■ **What to do**
Give again exactly the lines that stretch from the one with "Cantó, con la" to the end of the data below, including both of those lines and nothing else.

═════ Input records ═════

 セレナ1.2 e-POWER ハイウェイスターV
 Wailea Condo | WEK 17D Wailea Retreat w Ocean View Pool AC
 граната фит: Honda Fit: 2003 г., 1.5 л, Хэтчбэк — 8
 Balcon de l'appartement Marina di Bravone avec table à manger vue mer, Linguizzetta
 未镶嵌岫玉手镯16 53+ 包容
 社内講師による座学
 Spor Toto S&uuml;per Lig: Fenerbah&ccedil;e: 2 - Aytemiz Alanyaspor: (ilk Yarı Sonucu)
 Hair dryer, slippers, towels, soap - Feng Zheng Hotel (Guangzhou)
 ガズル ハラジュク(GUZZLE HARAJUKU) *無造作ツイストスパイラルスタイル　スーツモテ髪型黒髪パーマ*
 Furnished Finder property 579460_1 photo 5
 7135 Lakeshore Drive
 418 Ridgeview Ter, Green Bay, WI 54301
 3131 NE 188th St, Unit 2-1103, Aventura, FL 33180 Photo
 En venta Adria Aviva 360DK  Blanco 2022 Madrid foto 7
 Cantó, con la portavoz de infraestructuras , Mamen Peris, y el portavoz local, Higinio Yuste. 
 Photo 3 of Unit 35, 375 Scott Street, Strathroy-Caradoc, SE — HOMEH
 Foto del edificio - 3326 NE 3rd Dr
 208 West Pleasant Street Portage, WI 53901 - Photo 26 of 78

═════

■ **Written response**
 Cantó, con la portavoz de infraestructuras , Mamen Peris, y el portavoz local, Higinio Yuste. 
 Photo 3 of Unit 35, 375 Scott Street, Strathroy-Caradoc, SE — HOMEH
 Foto del edificio - 3326 NE 3rd Dr
 208 West Pleasant Street Portage, WI 53901 - Photo 26 of 78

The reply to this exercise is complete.